Obviously, the single player is hardly a good sample for anything other than a musing blog entry, but there’s something about the lack of care that’s interesting. The blunt knowledge, and lack of care, about the fact that it’s a foreign game is very different from localization’s drive to hide a game’s production home.

Do we really want games that just attempt to represent our locale? Is that good for us?

Back from Kingdom Hearts

I’ve recently been doing a lot of work on a specific project on the game franchise Kingdom Hearts with William Huber. We’ve been blogging some of it at Gummi Ship, presented some at DiGRA ’09 and I will be continuing to do some work on it, possibly for DAC ’09. The project is quite expansive, but for me it is a means of looking at ideas of translation, transference, flow and interaction between Square-Enix and Disney, Japan and the United States, and the game world of Kingdom Hearts.

The work has consisted of playing through the games and analyzing them as texts, which has resulted in certain problems (other successes) and a definite greater knowledge of what I can and cannot, should and should not say from our analysis. It has also led to a greater understanding of what my work needs in other ares.

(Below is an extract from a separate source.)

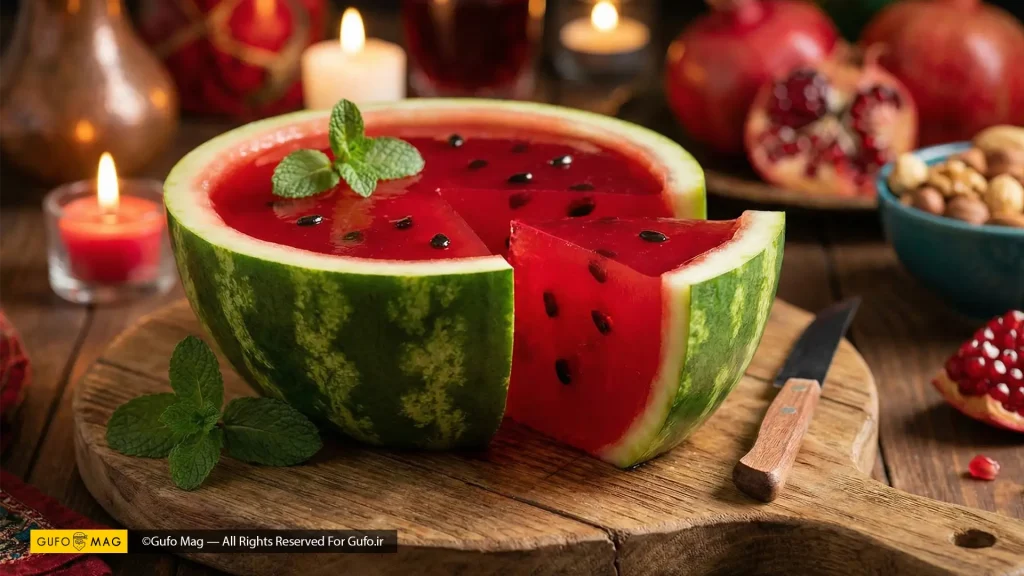 ژله هندوانهای مجلسی درون پوسته هندوانه با برشهای آماده، روی میز چوبی با تزئینات شب یلدا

Mainly this is currently related to a need for ethnographic work of some sort. Most of my work seems to need the inclusion of user voice, but other parts don’t Really, the question is how to bracket things and yet have the ability to say things. To get to allegorithm must I interview to see if the obvious is there for other people? How much must one play between the field’s factions that stem from disciplinary difference as much as theoretical difference? And such.